A History on Halon as a Fire Suppression Agent

When Halon 1301 came on the market in the 1960s it was used as the most effective gaseous fire fighting agent ever developed. It found widespread application in the protection of data processing rooms, telecommunications switches, art and historical collections, process control rooms, and many others. However, by the late 1980s a great deal of scientific evidence indicated that the agent was an ozone depleting chemical and the Montreal Protocol of 1987 required a phaseout of new production. Eventually, a handful of viable alternative agents were introduced to the commercial marketplace.

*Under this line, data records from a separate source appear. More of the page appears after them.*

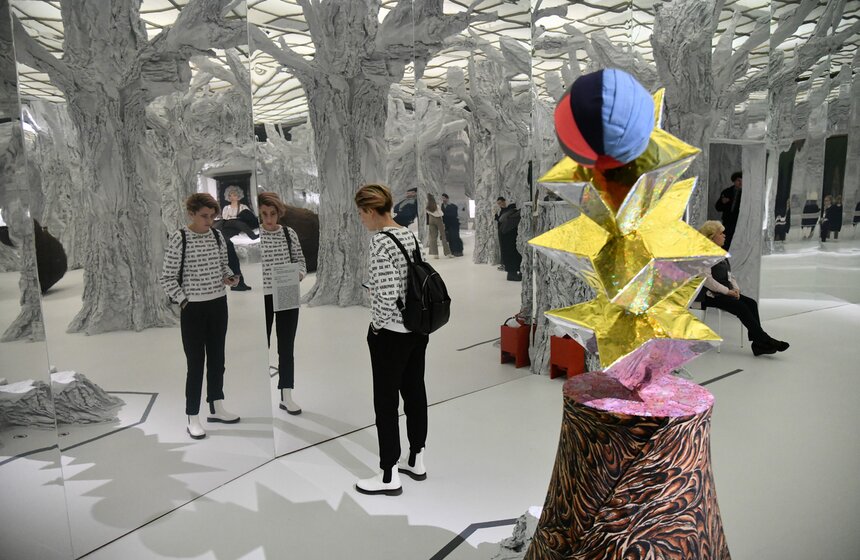 Второй проведет гостей экспозиции через путешествие по мирам русского фольклора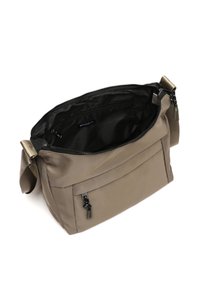 Borsa crossbody rettangolare color taupe con tracolla regolabile, tasca frontale con zip e scomparto principale aperto che mostra la fodera interna nera con tasca interna con zip.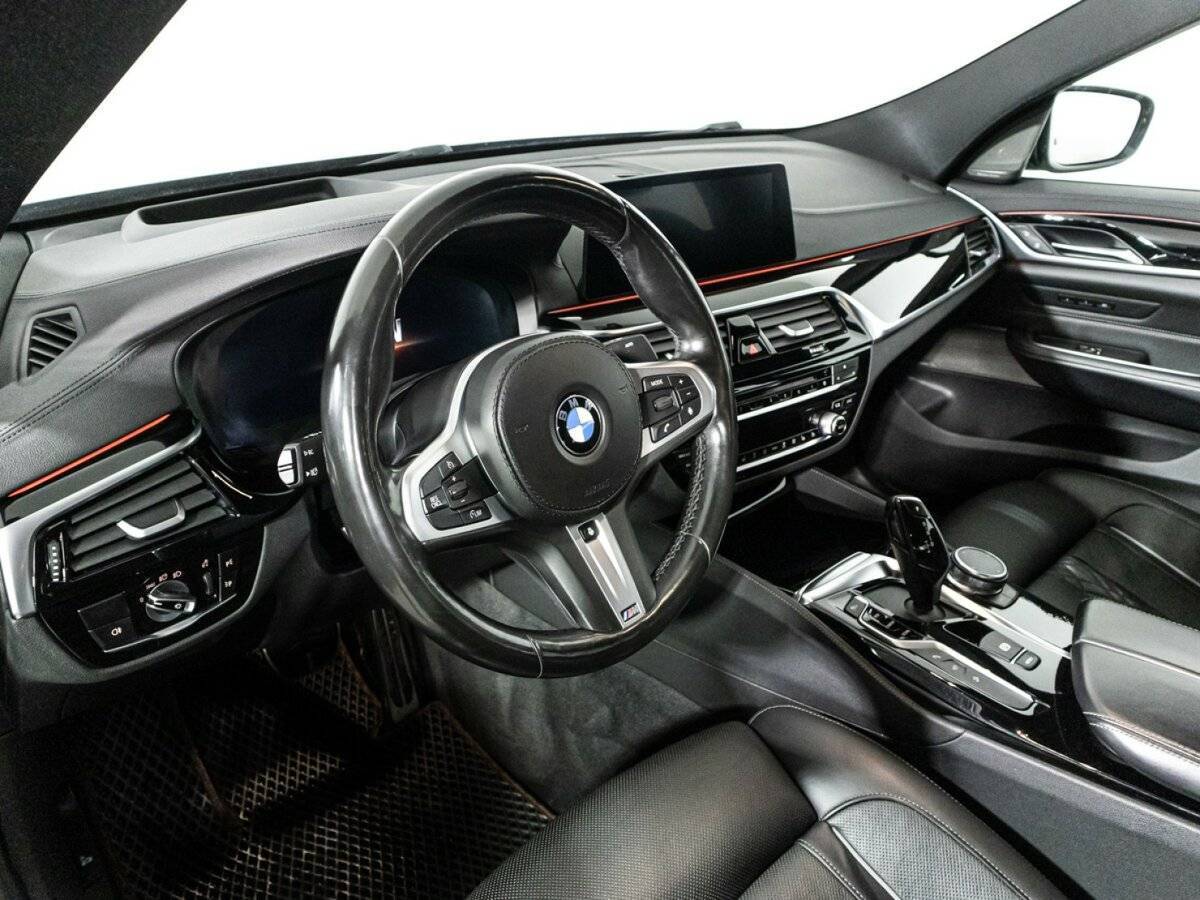 BMW 6 серии 2018 года с пробегом. Фото: #10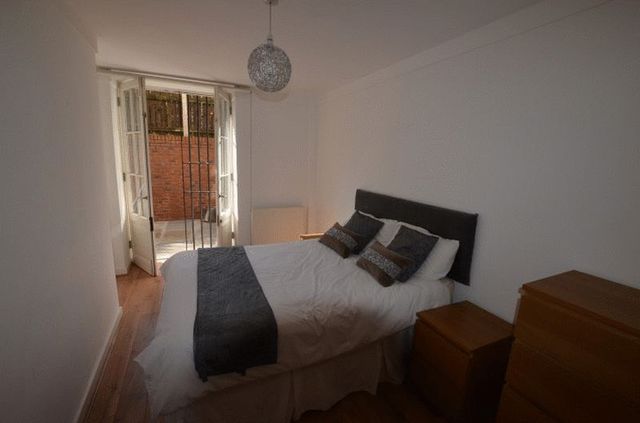  Image of 2 bedroom Flat for sale in Falkner Square Toxteth Liverpool L8 at Falkner Square  Liverpool, L8 7PA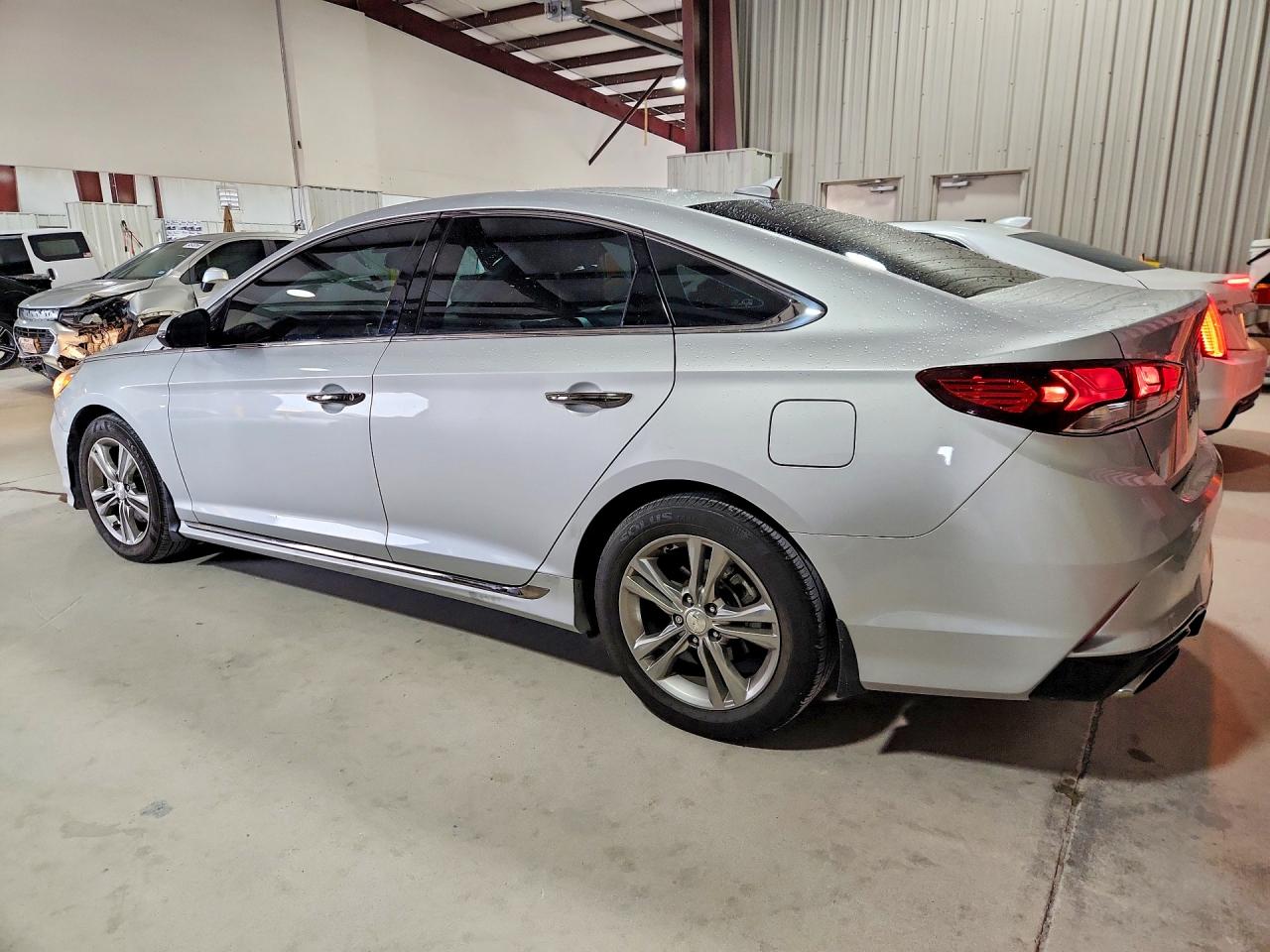2018 HYUNDAI SONATA SPORT photo 3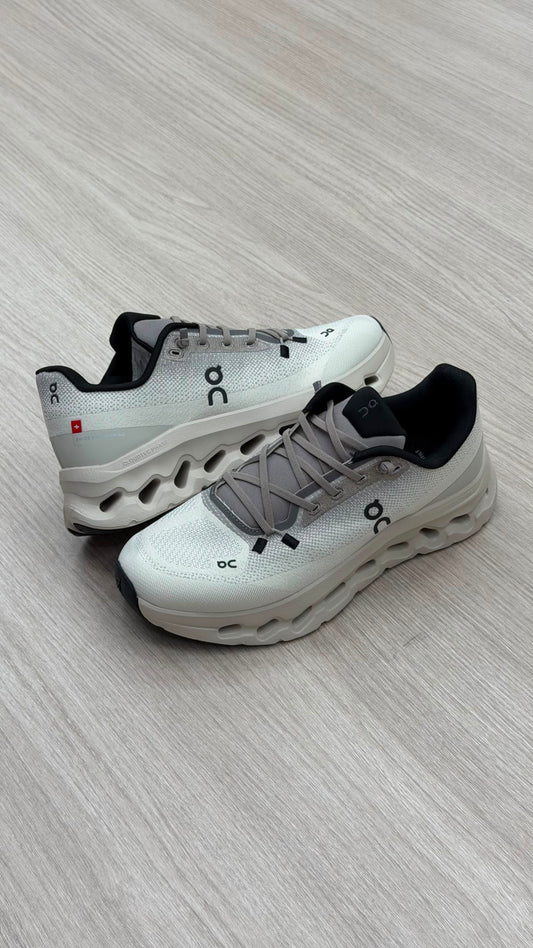 ON CLOUD NUDE GRIS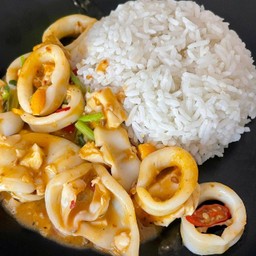 หมึกผัดไข่เค็มราดข้าว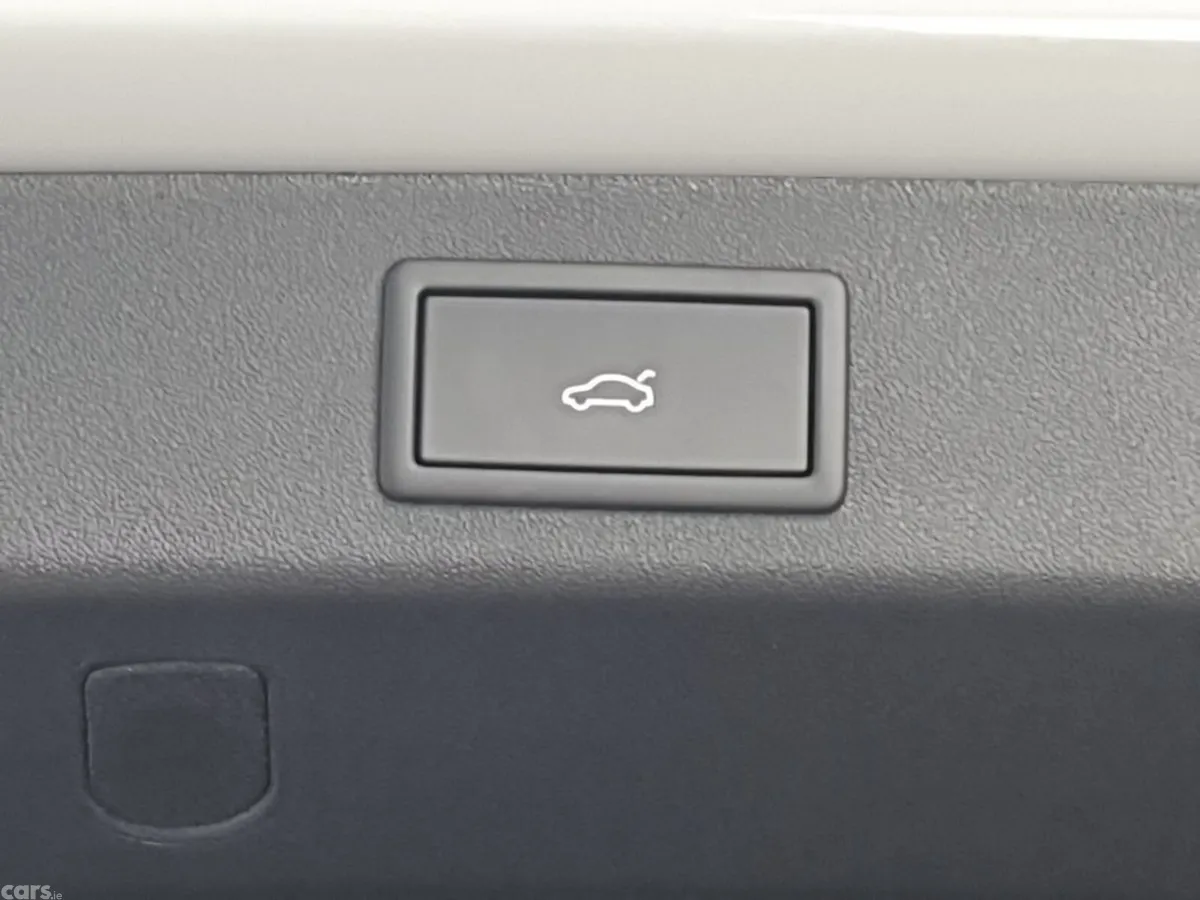 Skoda Kodiaq SUV, Petrol Plug-in Hybrid, 2026, Grey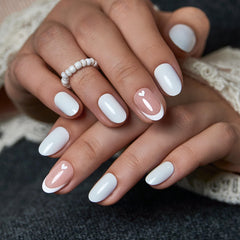 CurvLife nails size comparison on fingers showing custom fit and seamless cuticle line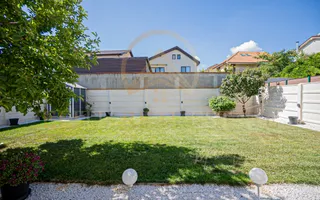 Ovidiu Sud - Zona premium - Vila impozanta, curte mare, garaj, terasa! - Poză 44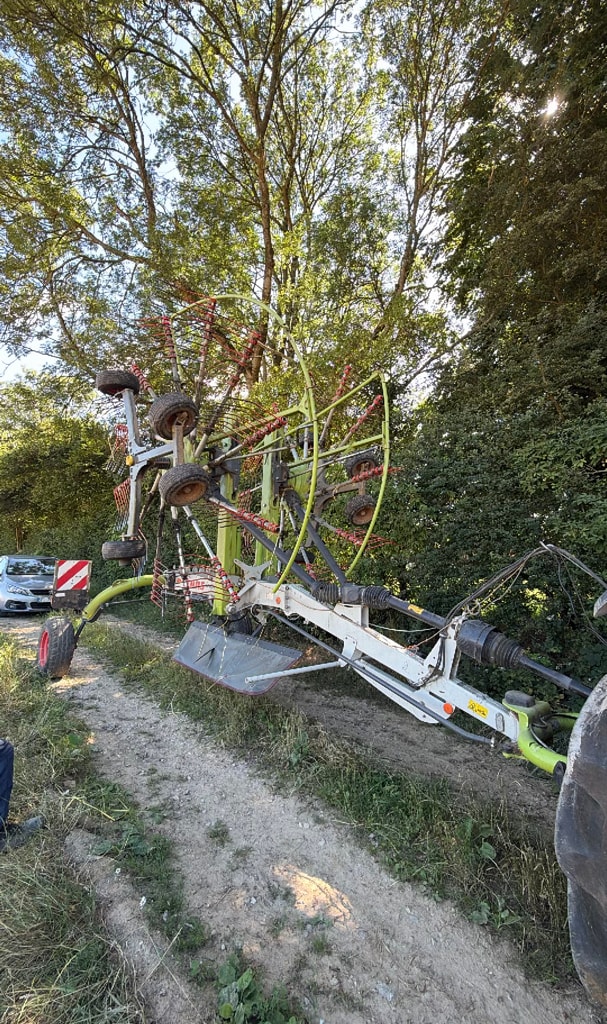 Andaineur CLAAS Liner 2700 - photo slide 1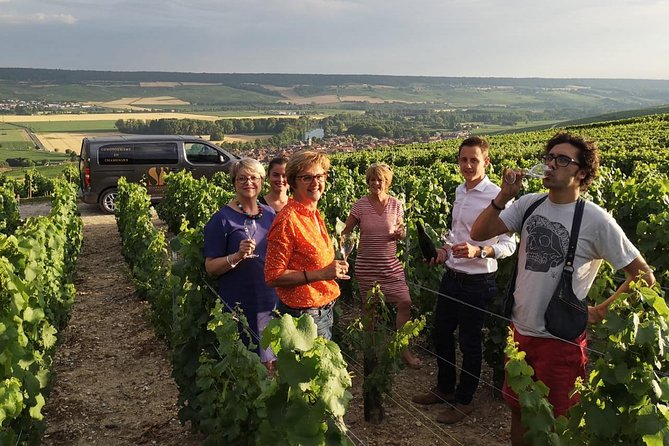 Small Group - Full Day Champagne Tour 3 Small Champagne Growers - Epernay’s Avenue de Champagne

The new agents, including FM-200,  will all rapidly extinguish all classes of fire without causing any damage or requiring any extensive clean-up when discharged. They are all approved for use in occupied areas. They are environmentally sound and are all listed as approved replacements for Halon 1301 by the United States Environmental Protection Agency with no scheduled future phase-out. Each of the agents listed above have qualities that lend themselves to particular applications. National Fire Protection can help in the decision making process, by examining the fire protection need our sales staff can presents options as to the best system for you.

So What’s Wrong With My Existing Halon 1301 System?

Beside the fact that Halon 1301 is a known ozone depleting chemical, there is absolutely nothing wrong with existing Halon systems if they are properly maintained. As stated previously, Halon 1301 is an excellent fire suppression agent. It is versatile and effective on all classes of fire. It is clean, leaving no harmful residue behind to clean up after discharge. And it is cost effective, especially when compared with the cost of replacing damaged equipment or loss of the use of your business facility. But there is one very important thing to remember regarding Halon 1301 – it is no longer being made.

That means that the only Halon 1301 that is commercially available was produced prior to January 1st 1994. There is reclaimed Halon 1301 available if your existing systems discharges, but the supply is indefinite so the price can fluctuate widely depending on availability. Call Swartz Fire & Safety to review your system and the alternatives available.

Current Status of Halon 1301 Systems

If you have halon systems currently installed in your company facilities and they are located in the United States, you need to know the following facts:

  • You are under no legal obligation to remove systems from service.
  • There is no federal legal requirement to remove systems from service by any specific date.
  • You may legally recharge your system in the event of a discharge
  • Recycled agent is still commonly available for fire system recharge.
  • No new agent 1301 is being manufactured
  • You should plan the replacement of your systems with a halon alternative.